++++ The records

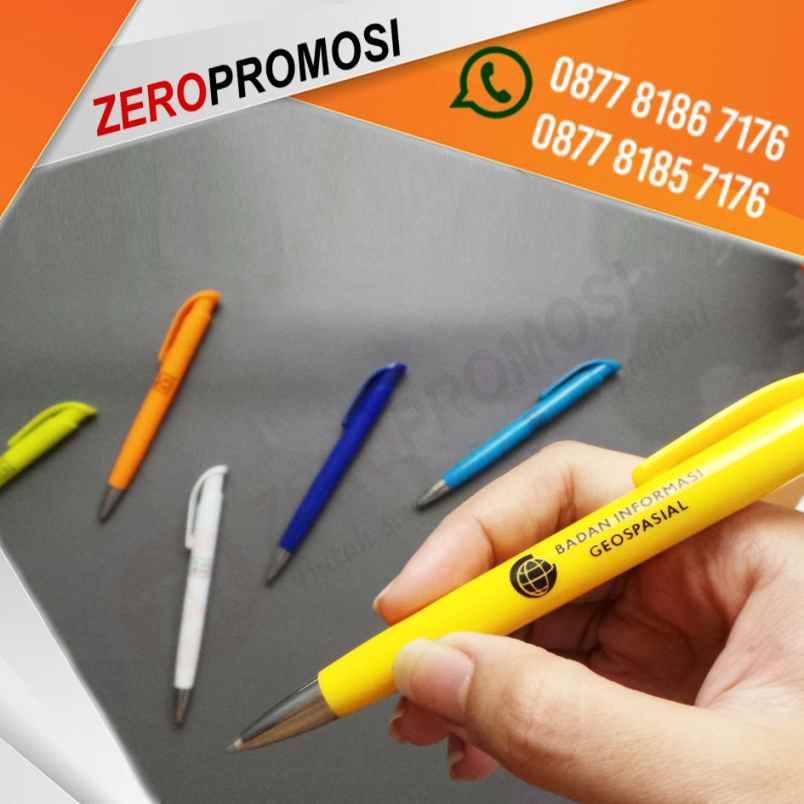 alat kantor dan stationery batuceper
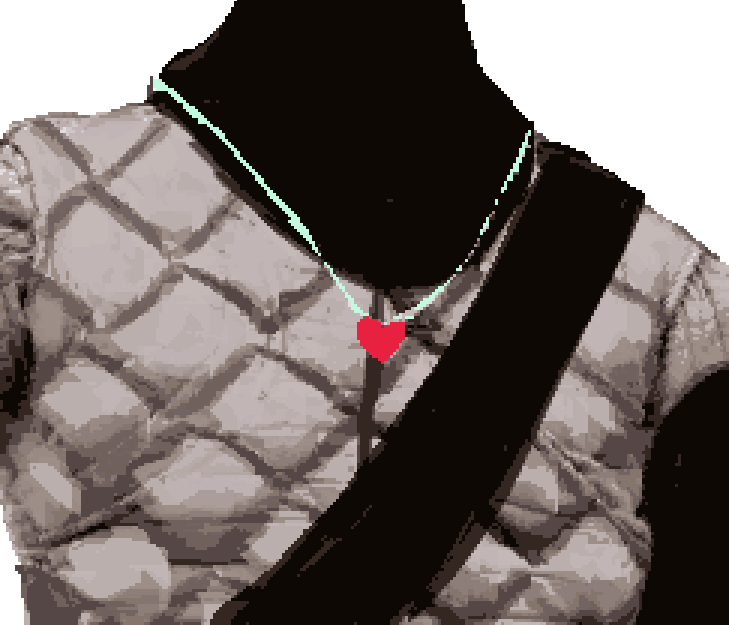 iu_1398579_22864588.gif
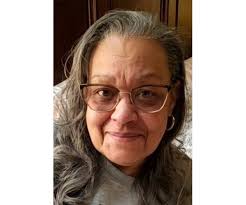 Brinda Wright Obituary (1951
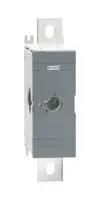 NEUTRAL LINK, SWITCH DISCONNECTOR OXN400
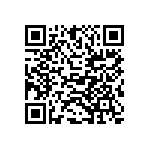 DBA34-16-24SN-6106-V004 QRCode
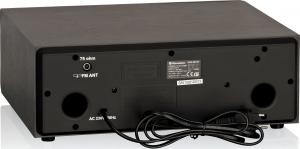 Radio Roadstar HRA-9D 5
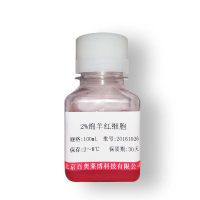 EDTA抗凝鸡全血 抗凝血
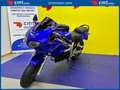 Suzuki SV 650 S - thumbnail 13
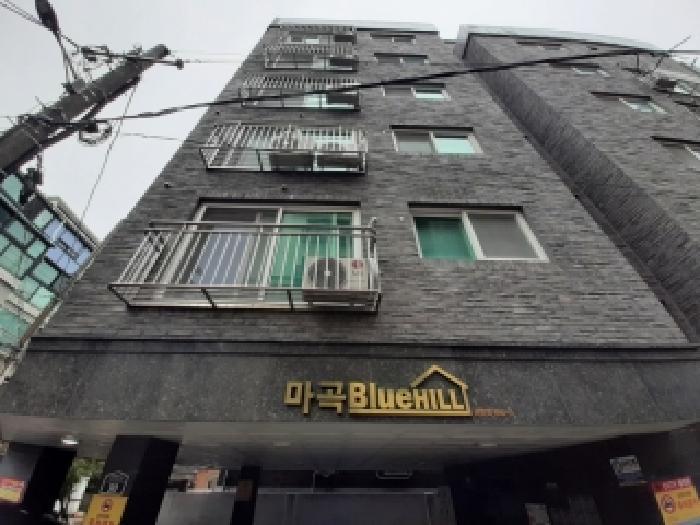 서울특별시 강서구 공항동 680-5 마곡블루힐 제3층 제304호 다세대(빌라) 경매 사진 6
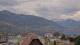 Zell am See Mo. 13.4.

++++++++

> What is required
Repeat the line containing "DBA34-16-24SN-6106-V004 QRCode" and every line after it up to the end of the material above, exactly as they stand, minus the pictures.

> Result for this task
 DBA34-16-24SN-6106-V004 QRCode
 Radio Roadstar HRA-9D 5
 EDTA抗凝鸡全血 抗凝血
 Suzuki SV 650 S - thumbnail 13
 서울특별시 강서구 공항동 680-5 마곡블루힐 제3층 제304호 다세대(빌라) 경매 사진 6
 Zell am See Mo. 13.4.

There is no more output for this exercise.